Counterfeit money is known to be floating around Paris, so people are on the lookout for it. Some snooty teenagers try to pass some counterfeit bills, getting some accepted at a photography shop. When the proprietor realizes what’s happened, he and his staff pass them on to a repairman, who eventually is the one to get caught by the police with the bills. He tells the police where he got the bills, but the people from the shop deny having ever even seen him before. (Wouldn’t there be some work order or something showing he did work on their building?)
The realization that he has been used sets him on a downward spiral into more serious crimes and a prolonged period of incarceration during which his wife leaves him.
Indeed, one of the messages of the film seems to be that wrongdoing is contagious in a sense, that the more you are a victim of, or collaborator with, or witness of wrongdoing, the more natural it is for your darker side to come to the surface and join in.
The people who are at least reasonably well off are able to buy their way out of trouble or have things overlooked when they get caught. Someone like the repairman is not so lucky.
Certainly there’s the potential for this to be an interesting and thought-provoking story, but the style prevents me from responding to it at a very deep level.
There’s minimal dialogue. There are lots of meaningful glances and people looking like all that they do and say is more important as a symbol of something else than as something to be taken literally as part of a coherent story.
The unconventional camerawork is mildly interesting as a novelty, but adds little to the movie other than obscurity. Routinely characters are shot so you can only see them from the neck down, or only see their legs and feet, or only see their arms and hands. The camera is generally stationary, and shots often start with no one in the frame, and then the characters walk into or through the frame.
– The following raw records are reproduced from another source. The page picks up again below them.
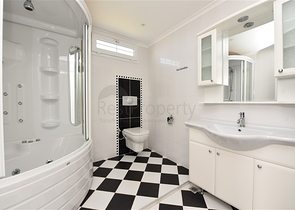 دوبلكس في منطقة مرتفعة باطلالة بحر مباشرة / مركز الانيا 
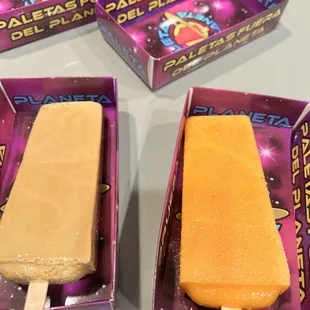 Left: Cafe horchata Right: Mango durazno (BOMB)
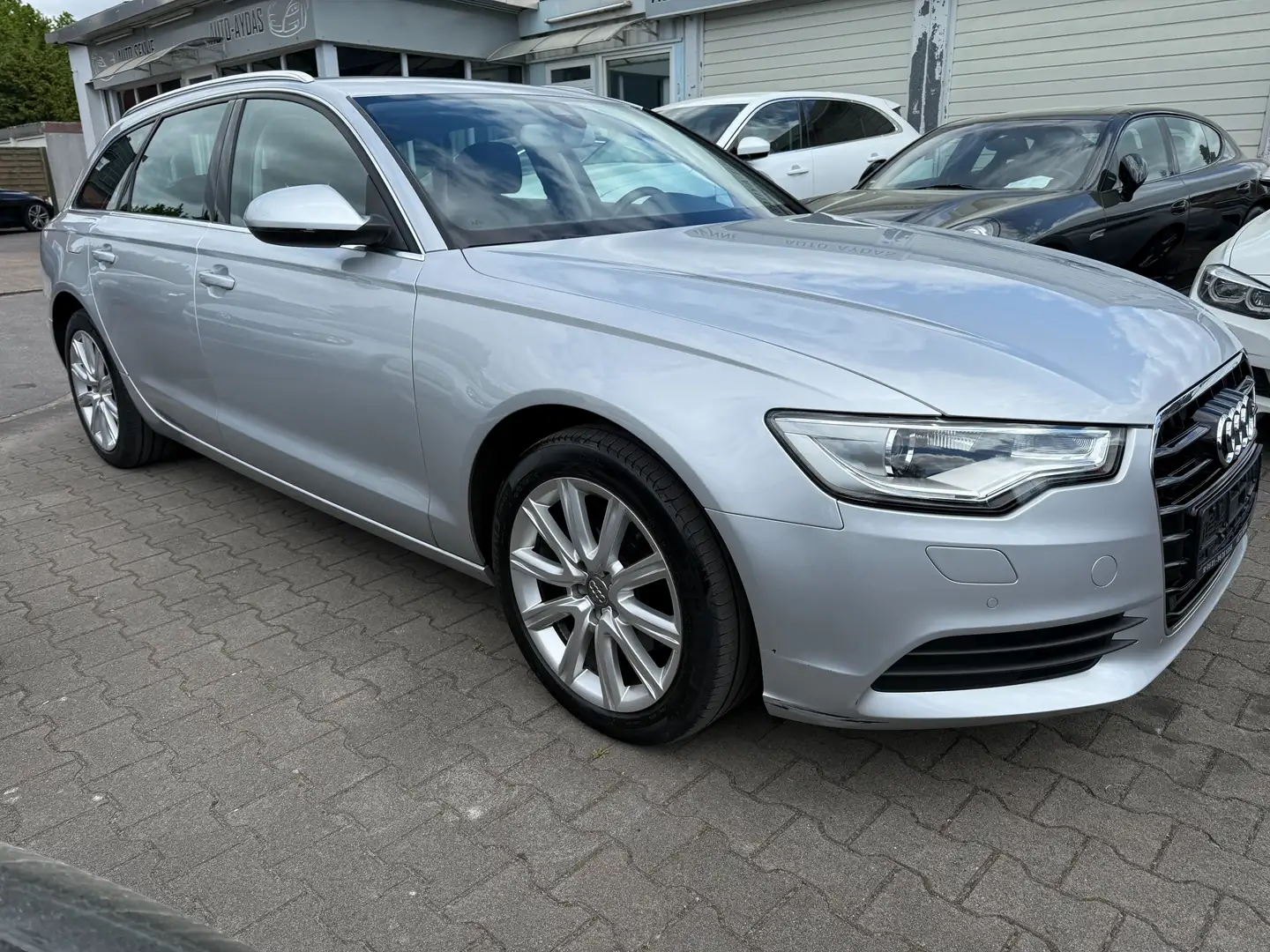 Audi A6 2.0 TDI~2 Hand~Navi~Leder~Bi-Xenon~Scheckheft~ Gris - 2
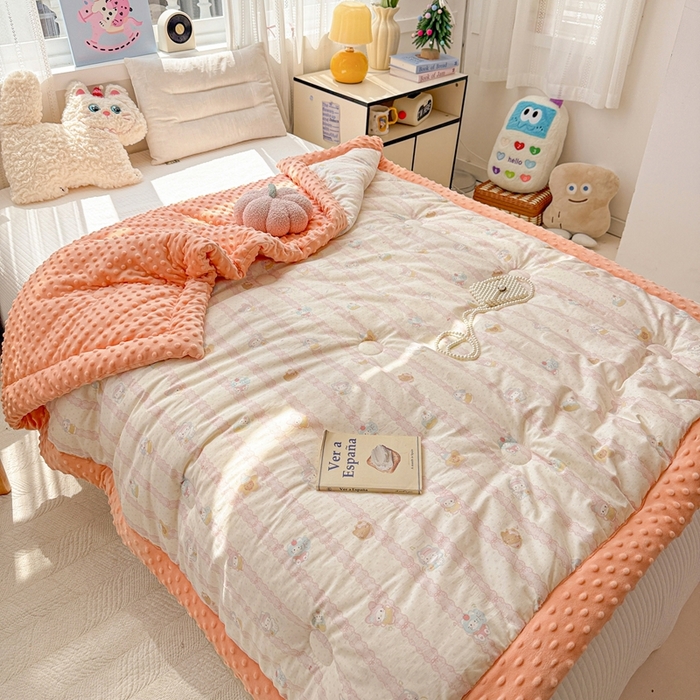 91家纺网 家纺一手货源 找家纺 小桃姐家纺 2025新款全棉豆豆绒儿童被 被子被芯 蛋糕小猫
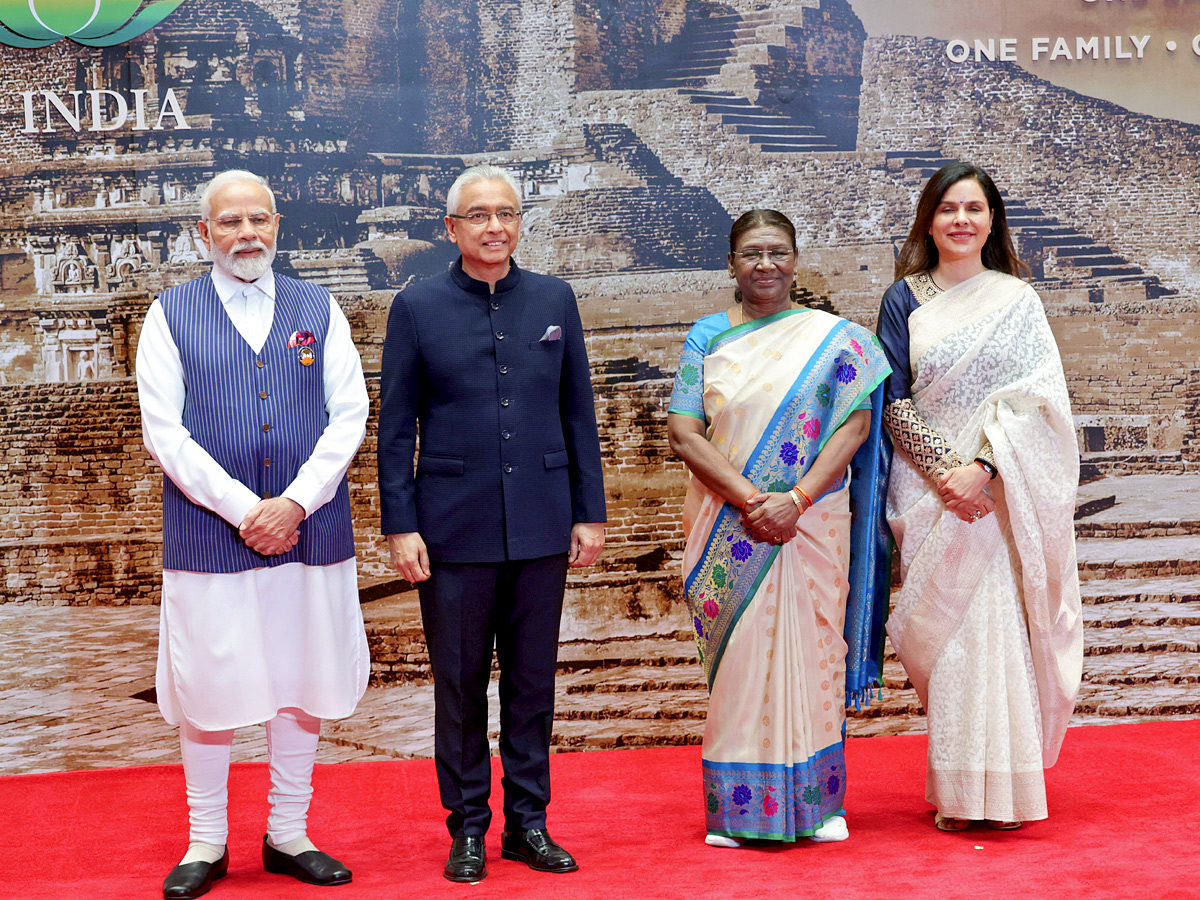 PM_20Modi_20receives_20world_20leaders_20at_20Bharat_20Mandapam_20Photos_8.jpg 8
It gives the film a slower, more mysterious, at times eerie feel. But for me at least, that’s not an improvement over just telling the story by showing regular people shot in regular ways saying the sorts of things that real people in these situations would say. But it’s, intentionally, simply not that kind of movie.
The final third of L’Argent especially is implausible, if taken in any kind of a literal way. I’m sure there are non-literal interpretations that make some sense of it—the repairman represents Death coming for people, or he represents some force of evil that people have created through their petty wrongdoing and now must be appeased by the sacrifice of innocents, or something—but I’ll leave that to the more highbrow viewers to figure out.
Some interesting issues, handled in a mostly slow and obscure way. Just not my kind of movie.